I became less bold once in the cop car. Watching Nathan pull off, I was filled with fear and grief. Should something be done to me, there would be no one to witness it. I could be dead and they could say whatever they wanted. They would be acquitted. No wonder then that while I waited for the cops to return to the car I tried to slip out of the handcuffs, or that I let out a series of screams no one would hear.

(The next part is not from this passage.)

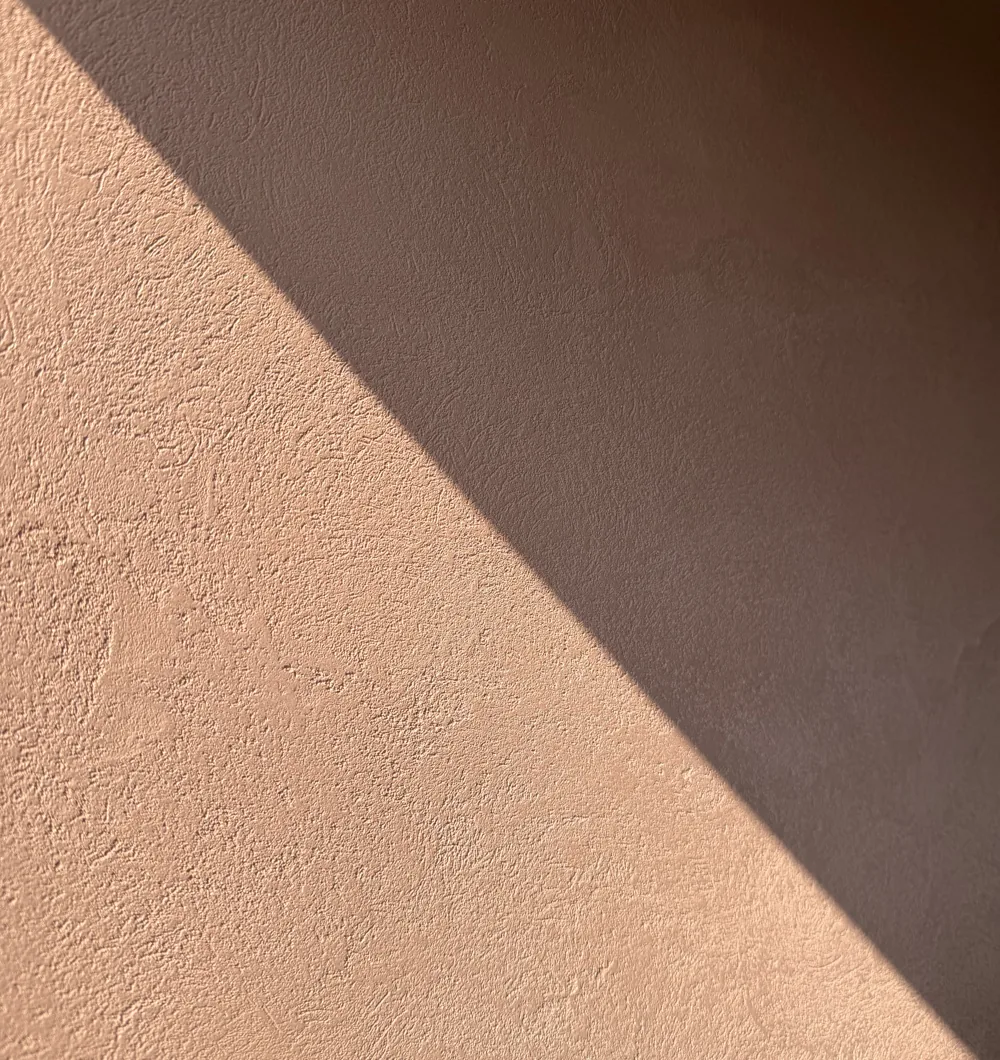 Oltre Style 22 kitchen wall finish in raking light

For his part, Nathan got off easily, unless you count the added weight to his (already considerable) load of white guilt. They did say he failed to signal — he is adamant that he did not. He drove to my father’s house to inform him at midnight I had been arrested. I was later told he was in such a state that my family felt as sorry for him as they had for me. He was one of the good ones.


The warrant for my arrest stated that I had attacked another young woman. My last fight had been in the sixth grade with a boy; I did in fact win the fight, but this was something else.


At booking when asked my religion I said agnostic and was given a dirty look. I made my one phone call to my grandmother, because I couldn’t remember anyone else’s number. I hated that I would be waking a 71-year-old woman in the middle of the night, but she was used to such things. She pledged to get me out of there. I was taken to my cell, which was referred to by the authorities as a dorm.


It was a windowless cement room. The floors felt as though they were carved from ice. No fewer than 15 women were splayed out on the ground. There weren’t enough cots and blankets for all of us. I feared the blankets that were there would give me lice; luckily they were all taken and I was allowed to freeze until someone took pity on me and loaned me a jacket several hours into my stay. I had given her my lunch of rubbery beef, stale white bread, and a mushy combination of peas, carrots, and green beans. For dessert: two lemon cream cookies, all served at the improbable hour of 10:30 a.m., only two hours after an equally disgusting breakfast.


I hoped mostly I would be out in time to catch my flight, return to Brooklyn, and attend a friend’s party. But it was hard to be invisible in the jail, in large part on account of my sky-high, candy-pink Agent Provocateur peep toes. They became the inspiration behind my prison handle: High Heels.


My fellow inmates liked my shoes and they liked me. They even believed my incredible tale of mistaken identity, which was refreshing. And, before I could even opine, a young white woman said to me, “And you know what that was all about to begin with.” We all nodded.


Others shared their tales — from what I could tell, all the same shit. Bored cops arresting women who looked “suspicious,” or maybe just poor. I was struck most by a woman for whom the police had initially been called on a domestic violence dispute. She was very gentle with the most bruised and battered arms and legs. Rather than take her to a woman’s shelter or a hospital, they ran her name through the computer and found a warrant, and sent her and her plum-colored limbs downtown.